Par dimanche 10 juin 2018 Permalink 1

L’échec du G7 est la démonstration d’une chose essentielle: l’économie mondiale s’effondre. Les dirigeants le savent parfaitement. La stabilité actuelle est factice.

Les Etats-Unis refusent dorénavant l’interdépendance que le libre échange provoque. Le protectionnisme est la solution choisie par ce pays de 326 millions d’habitants pour à l’avenir faire face au déclenchement de la crise, au déclenchement du big one. Avec ses matières premières, ses GAFAM pour Google, Apple, Facebook, Amazon et Microsoft ou ses NATU pour Netflix Airbnb, Tesla et Uber, la deuxième puissance économique mondiale pense avoir plus de chance de ne pas sombrer complètement en se repliant sur soi qu’en continuant à prendre en compte les intérêts d’autres pays, même alliés. Trump a été élu pour ça par le peuple américain. Trump fait ce pour quoi les américains l’ont élu.

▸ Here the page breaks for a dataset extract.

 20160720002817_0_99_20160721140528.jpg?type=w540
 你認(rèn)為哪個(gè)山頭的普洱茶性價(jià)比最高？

Malgré le créditisme devenu le pilier du monde moderne, l’absence d’inflation prouve que les débouchés à ce qui est produit, manquent. Les Etats Unis estiment n’avoir pas besoin de ce qui est produit ailleurs, pas besoin de BMW, Mercedes ou Volkswagen. Ils peuvent faire avec General Motors ou Ford… Et demain pour les marques de luxe françaises et italiennes, ils mettront en avant Ralph Lauren… D’ailleurs le marché du luxe aux usa, premier marché mondial, ne connait aucune croissance depuis des années. Une preuve supplémentaire de l’absence totale d’ascension des classes moyennes. C’est ça la mort d’une économie. L’enrichissement des riches n’apportent rien, sinon, inévitablement, une ploutocratie dictatoriale.

Le G7 vient de refléter l’état du monde comme les élections le reflètent au fur et à mesure qu’elles ont lieu, la France n’étant que l’exception qui confirme la règle. Les peuples sont à un tournant. Trump dont la légitimité démocratique est incontestable, incarne ce tournant, incarne la révolution en cours. Le monde de la deuxième moitié du XXe siècle disparaît inéluctablement sous le poids d’une économie internationale à l’agonie. Ce que la vieille Europe voulait conserver, accentuer quitte à écraser sa population, la pulsion de vie américaine le met à bas pour repartir sur autre chose.